特需による業績変動(2021.3期~2022.3期)に株式投資でどう対処するか?

好業績の要因

海運3社の業績は急拡大したのですが、これは、2020年のコロナ禍において、これまでと違った需要が高まったことにより、需要が多少盛り上がったというのが一因と考えられます。
例えば、在宅ワークが増えたことにより、家具に対する需要が一時的に増えるなどです。
また、港湾での船積み・荷降ろし作業が、コロナ禍により停滞して、物流が目詰まりを起こしたことにより、船舶の供給量が一時的に減少したと考えられます。
総合的に見て、物量は多少増加したが、物流の目詰まりにより、コンテナ運賃が急騰したことが好業績の主因でしょう。
つまり需要は大して増加していないのに価格だけが急騰したわけで、これが長期間継続するとは考えられません。

一時的に価格が高騰することで

日本郵船の利益貢献は、主としてコンテナ船

日本郵船の経常損益のうち、約6割がコンテナ船に関連する利益です。
コンテナ船の利益は、コンテナ運賃の影響を大きく受けます。

不定期船、ドライバルク船は、利益の1割強です。
ドライバルク船の利益は、バルチック海運指数の影響を大きく受けます。

 

コンテナ運賃に連動するように株価が上昇していきました。
コンテナ運賃の上昇は、そのまま会社の業績に直結するため、業績に連動するように株価が上昇していった、ともいえると思います。
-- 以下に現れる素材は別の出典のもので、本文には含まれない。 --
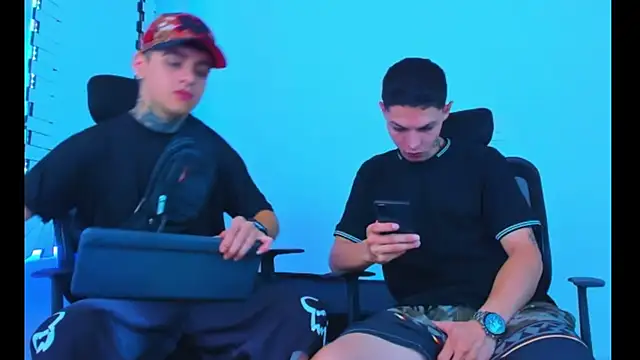 HOT boy2025 online show from 16, 11, 2025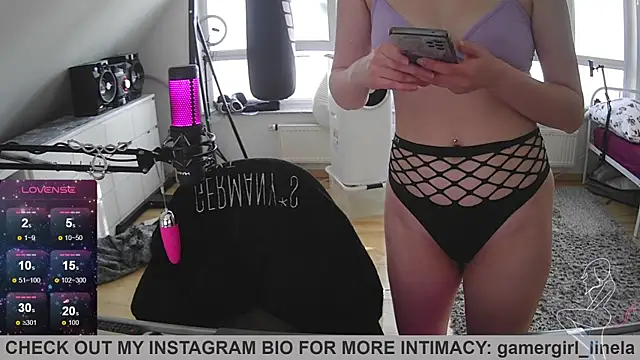 Snapshot of Gamergirl-Linela chatting on September 2025 03:34:01 PM Gamergirl-Linela online show from September 2025 03:34:01 PM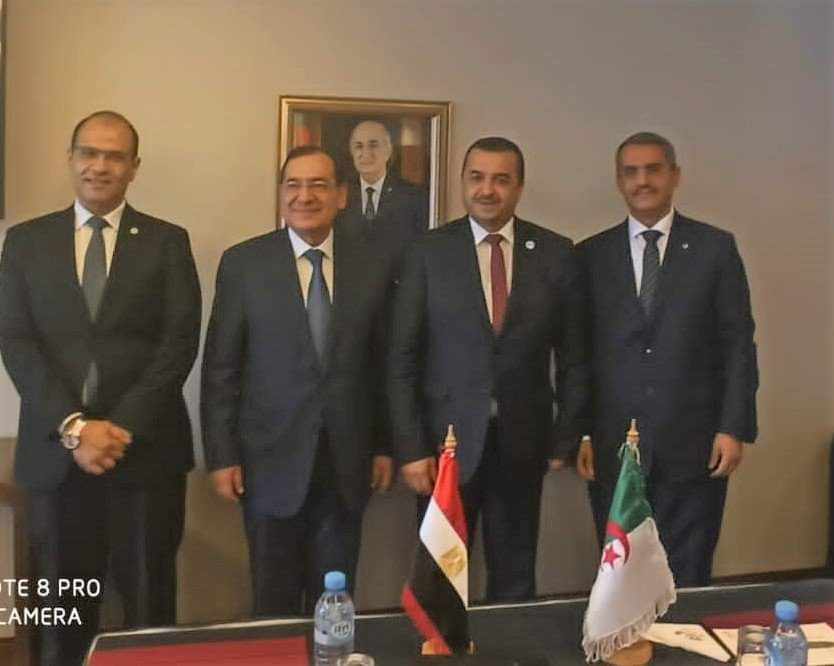 وزير الطاقة والمناجم يستقبل وزير البترول والثروة المعدنية المصري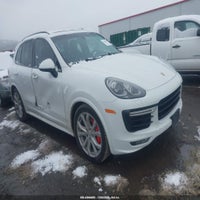 2016 Porsche Cayenne Gts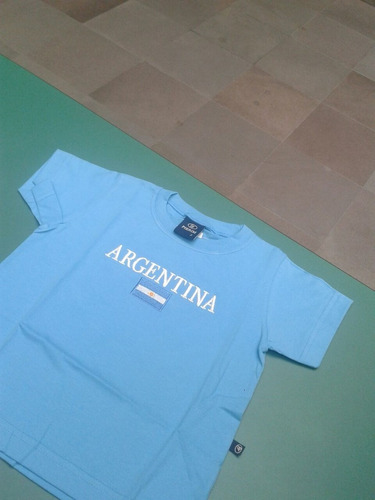 Camisetas Infantil Argentina, Reino Unido. Bordadas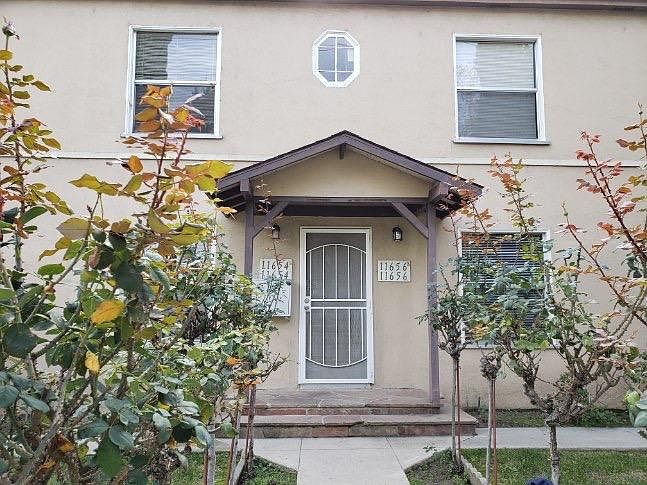 1st image of 11656 Chandler Blvd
コンテナ運賃については、次の情報源を参考にしています。
・公益財団法人日本海事センターの「海上荷動きの動向」
 (公財)日本海事センターは、日本海事財団(1964年設立)、財団法人日本海運振興会(1964年設立)、財団法人海事産業研究所(1966年設立)の3団体の事業を承継し、もしくは法人を統合する形で2007年に設立された財団法人日本海事センターが、2011年に公益財団法人に移行したものです。
 東京都千代田区麹町に本部があります。国土交通省と関係が深いと考えられます。

 

 

価格高騰による好業績の例

価格高騰は、古くはチューリップバブル。日本においては不動産バブル。最近では黒鉛電極価格の高騰などがあり、様々な国・分野で発生します。
それによって、一時的に好業績となる企業があります。

黒鉛電極価格の上昇に関していえば
・昭和電工
・東海カーボン
・日本カーボン
・SECカーボン
などの業績が急拡大し、株価も急上昇しました。


 

PER 1~2倍台について


PERは、利益に対して株価が割安かどうかを判断する指標のひとつです。
通常、10~20倍のレンジに収まることが多くなっています。
PERが低ければ割安、高ければ割高、と判定します。

特需を受けて海運3社のPERは1~2倍台となっており、一見、非常に割安に見えます。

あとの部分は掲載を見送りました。